A friend and I first decided to jump into Destiny in April of 2017. My friend Sam had recently taught me how to play Magic. However I was overwhelmed with the amount of mechanics involved in the game. Instead, we decided to try out Star Wars Destiny, since it was a new game and a local player base was popping up in our area. One thing great about Destiny is that the community in our area has been excellent. The game brings together Star Wars fans, card game lovers, and board game lovers alike.

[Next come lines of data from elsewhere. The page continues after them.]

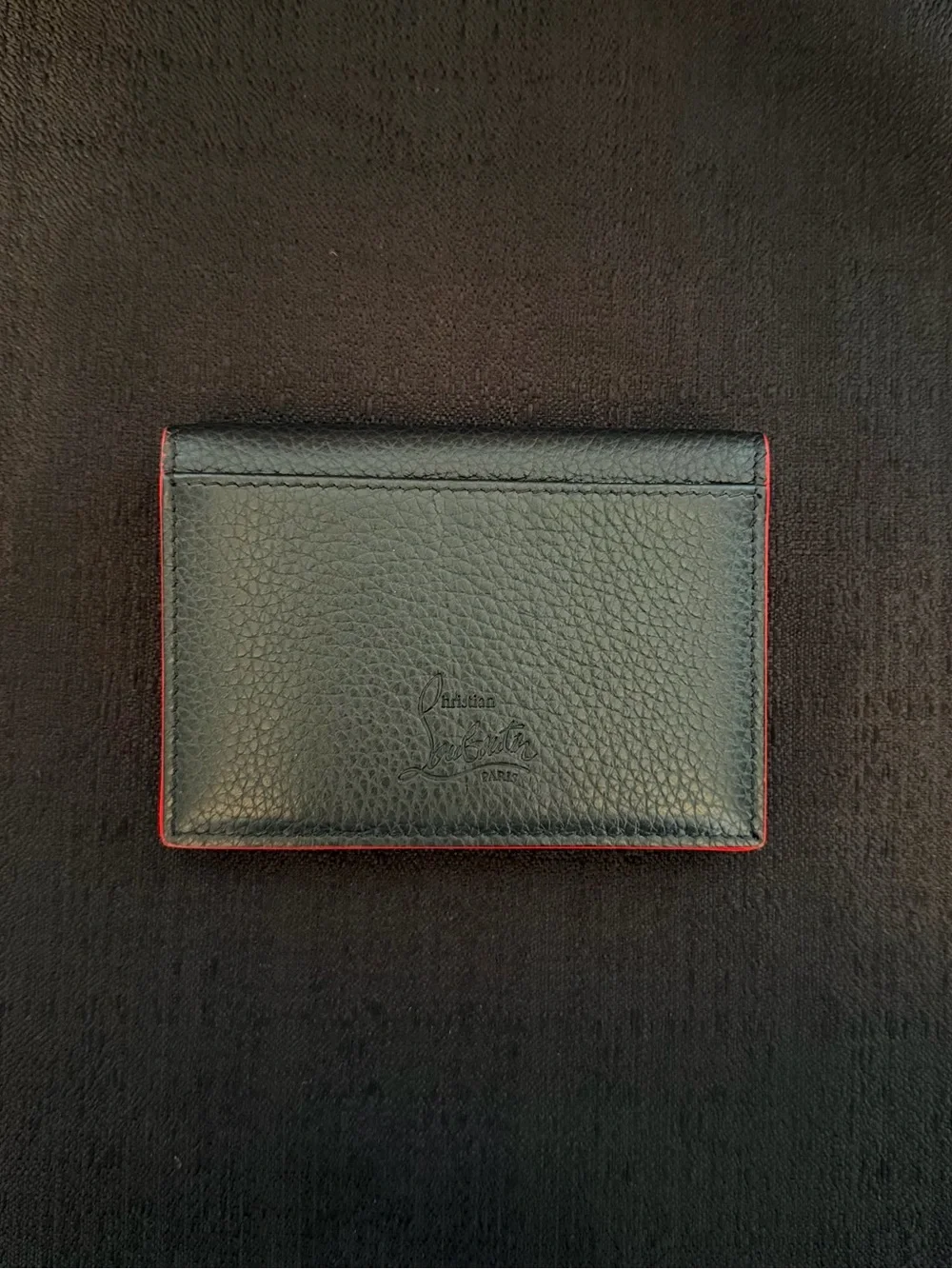 Christian Louboutin it features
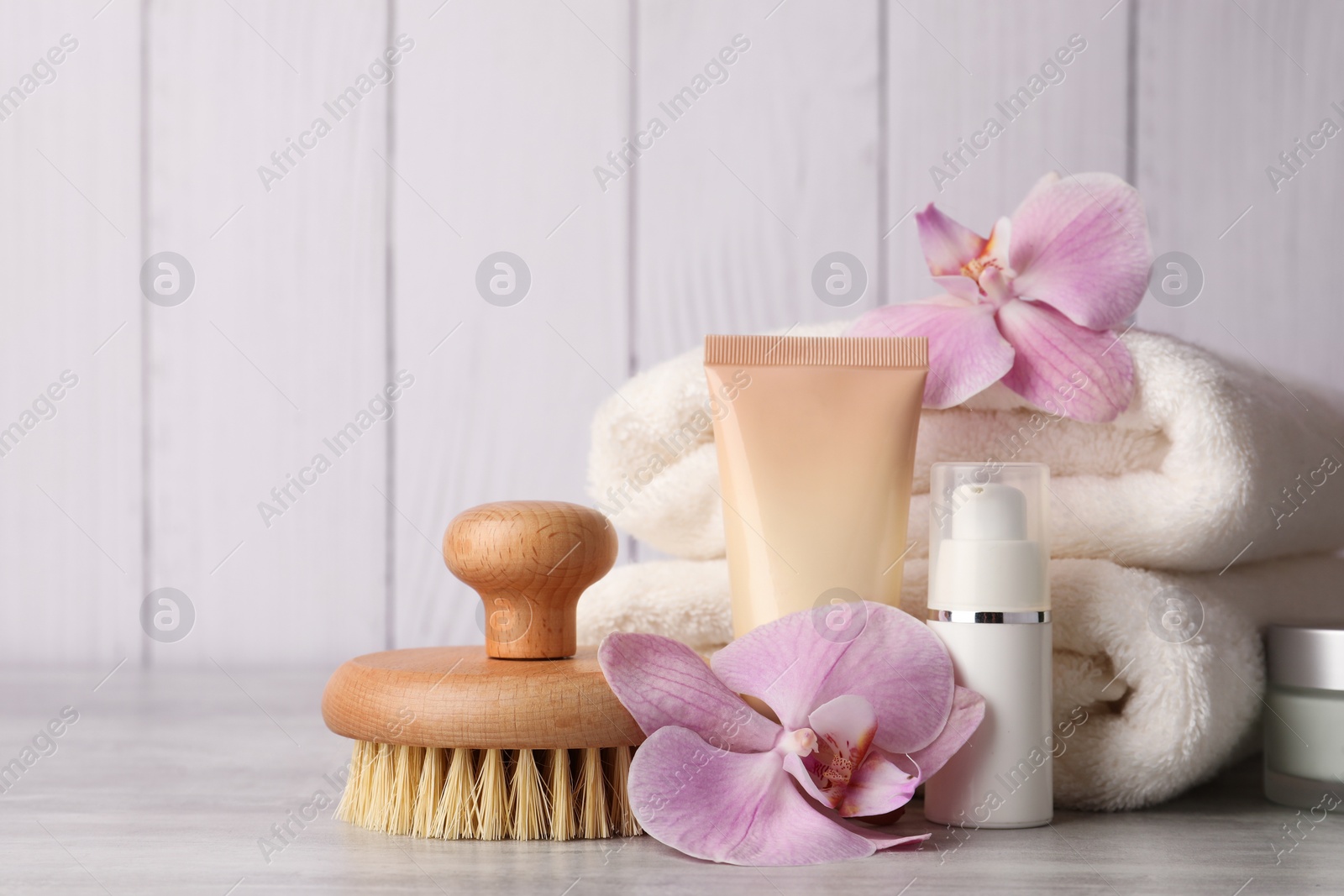 Photo of Beautiful composition with different spa products on light gray table. Space for text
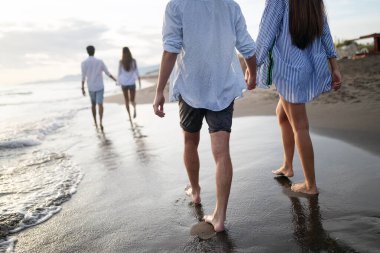 Bir grup arkadaş gün batımında sahilde yürüyor ve eğleniyorlar.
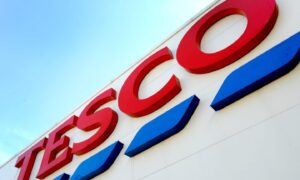 Tesco has more than 330,000 employees and a 27.3% share of the grocery market.
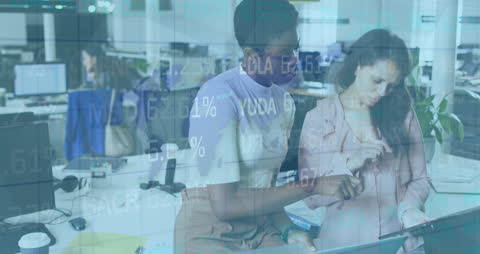 Businesswomen Analyzing Data in a Modern Office Environment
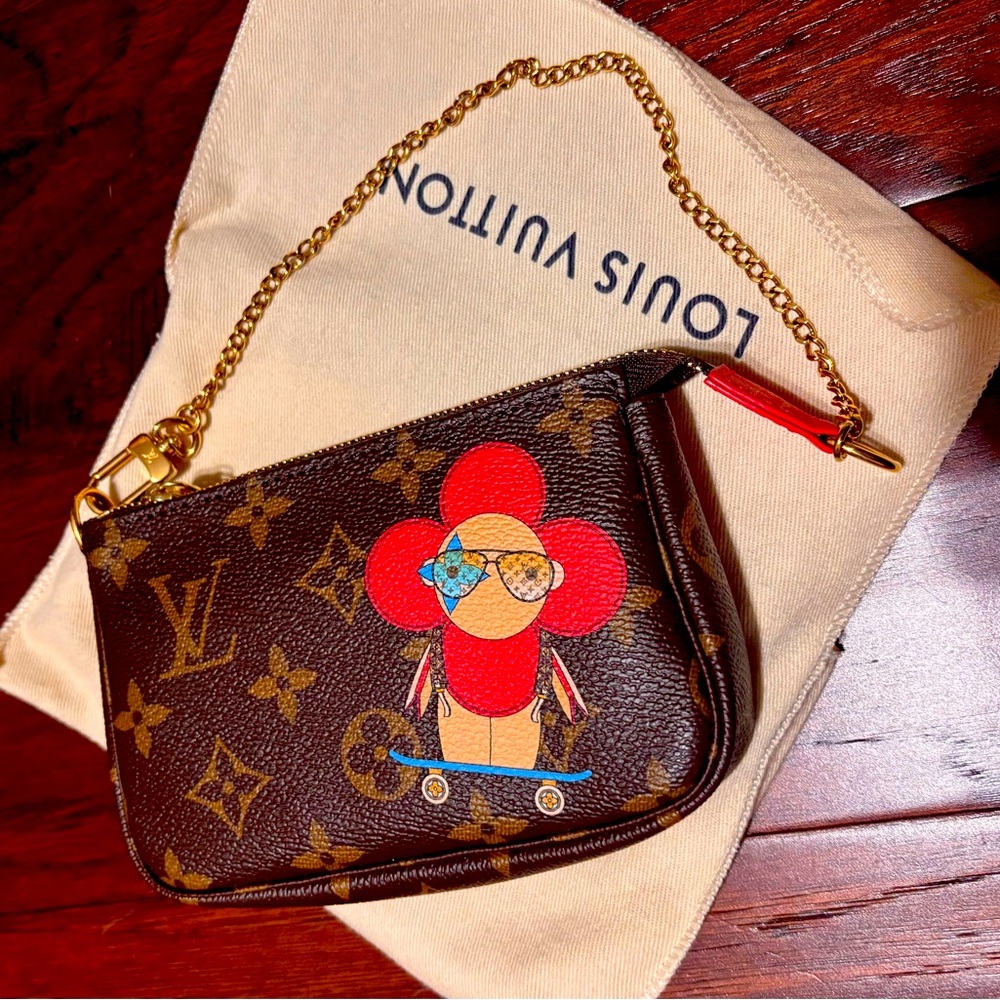 SOLD Louis Vuitton Limited Edition Monogram Vivienne Mini Pochette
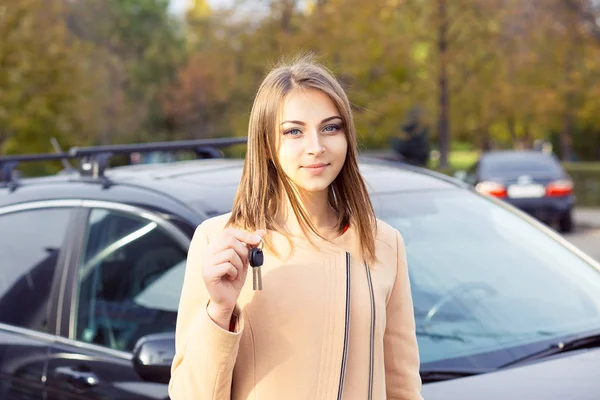 Closeup portrait serious young attractive woman, buyer near her new car showing keys isolated outside dealer, dealership lot office. Personal transportation, auto purchase concept — Stock Photo, Image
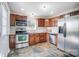 Modern kitchen with stainless steel appliances and wood cabinets at 1715 Dunkirk Dr, Charlotte, NC 28203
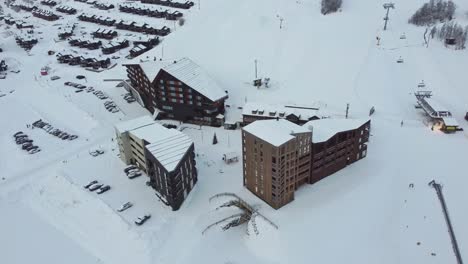 Myrkdalen-hotel-surrounded-by-apartment-buildings-and-ski-slopes-in-winter-morning---Aerial-looking-down-at-hotel-in-early-snowy-morning-with-skilift-in-background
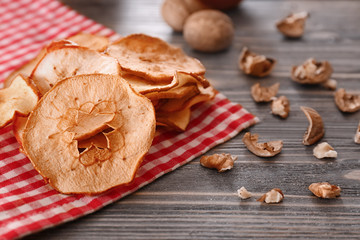 Tasty apple chips on wooden table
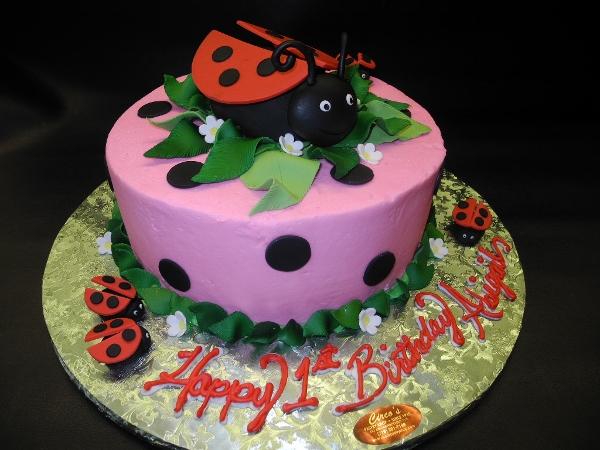 Lady Bug Pink Icing Cake with Fondant Dots and edible lady bugs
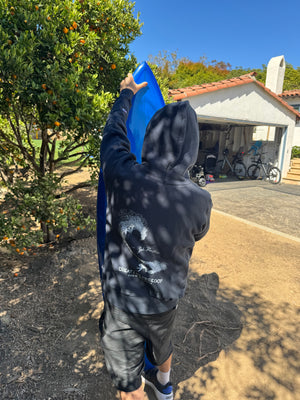 Person holding a blue object outdoors with trees and a building in the background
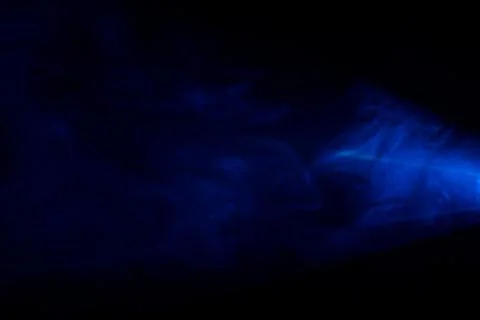 Smoke texture or pattern in the air , bright light effect realistic at dark b Фото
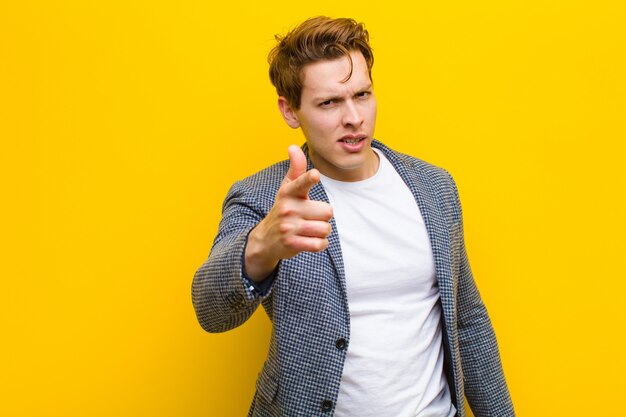 Young red head man with an angry aggressive expression looking like a furious, crazy boss against orange wall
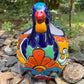 Colorful Mexican Talavera ceramic chicken shape planter on a natural background Front 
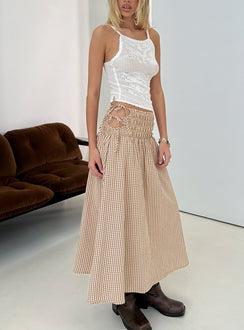 Showcasing the Vence Ruched Maxi Skirt Brown Gingham in womens-skirts with checkered print and relaxed a-line shape front view of model wearing Princess Polly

We started by purchasing a starter set each (approx. $15.00), and played a few games to grasp the basics. Afterward, we collectively bought three boxes, one each and splitting the third ($150). I decided on exclusively wanting to play hero themed decks, and Sam decided on playing (not exclusively) villain decks. After trading around some duplicates, we had assembled some pretty solid decks and began to be competitive in our area. I managed to take third place in a local store Championship in June and won a cool playmat (see image). In total, I spent a huge sum of around $900 into the game. That’s a ton of cash spent that I simply would not be okay with. But I didn’t spend this out of my own pocket. I used a number of strategies to think frugally, come out $250 ahead by the end of the year, and still enjoy a really fun game. Here are my tips and tricks, which may be applied to other card games as well:
- Decide on what your spending limit. Set your budget.
- Decide on what you want to play. I exclusively play hero decks, simply because the characters appeal to me. This put any villain cards I pull right into a sell/trade pile.
- Decide on 1-2 decks to play. I wish I could put more time to it, but picking two decks to play has reduced how much time and money I put into the game. Who wins each week tends to rotate around. I at least have a good time with the people I’m with and win a fair amount of matches.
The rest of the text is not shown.